Hinter der Steinmauer, mit der die Grotte verschlossen war, dachte ich mir Zara, wie sie nun immer bleiben würde, unberührt von der Zeit, die das Fleisch zerfurcht und zersetzt, so, wie ich sie zum letzten Mal gesehen hatte … Der zarte Nacken vorgebeugt, das süße Kinn dicht an den Knien, die Ärmchen um die gefalteten Knie geschlungen, die Haare in zahlreichen hauchdünnen, glänzenden Flechten wie ein Netz aus schwarzen Perlen, das sich über ihre junge Lieblichkeit breitete. Die Zöpfe meiner kleinen Toten hatte ich selbst geflochten, Pater Juan, hundertachtzehn genau. Ich habe sie gezählt, meine Tränen nicht. Aber ich höre jetzt besser davon auf und rede von Villalcázar.
Jeder Besuch bei Zara schürte meinen Haß. Er vergiftete mein Blut, bereitete mir Herzklopfen und Ekel, mir drehte sich alles im Kopf.

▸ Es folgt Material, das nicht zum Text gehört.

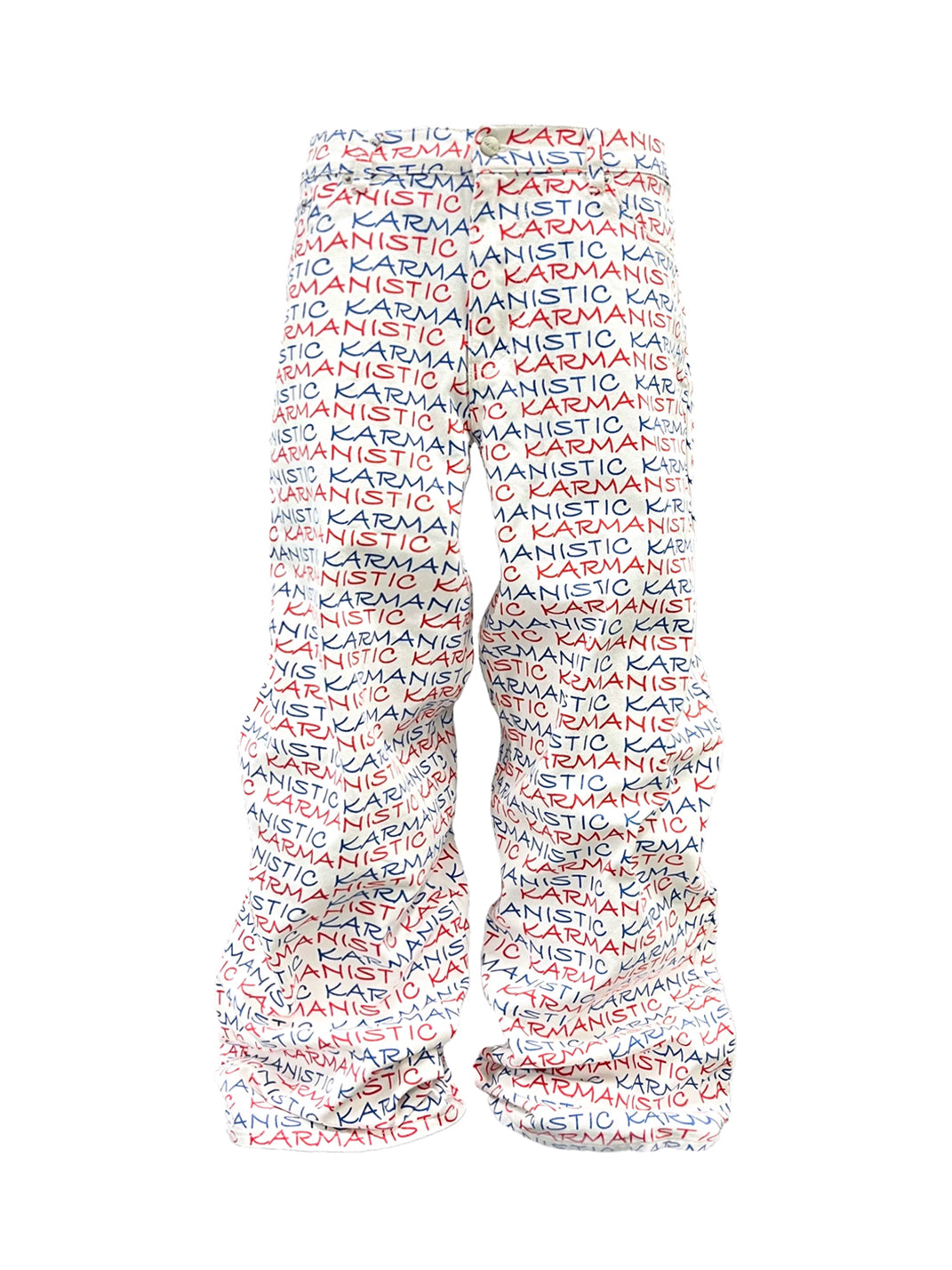 Allover-Text Stacked Wide-Leg Jeans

Ungefähr einen Monat nach meiner Ankunft im Dorf, Ende Juni, hielt es mich nicht mehr, ich beschloß, nach Cuzco zu gehen.
Der Vater meines Vaters sagte: »Die Männer sind auf den Feldern, sie bringen die Kartoffelernte ein. Ich gehe mit dir.«
»Ich danke dir, Alter. Aber ich gehe lieber allein.«
Der Vater meines Vaters straffte seine in Fuchsfelle gehüllte hagere Gestalt, maß mich mit einem Blick, wie er mich als Kind in Schrecken versetzt hatte: »Eine Frau geht nicht allein auf den Straßen. Jede Ayllu, meine Tochter, wirft sich dir zu Füßen, aber mich beeindruckst du nicht.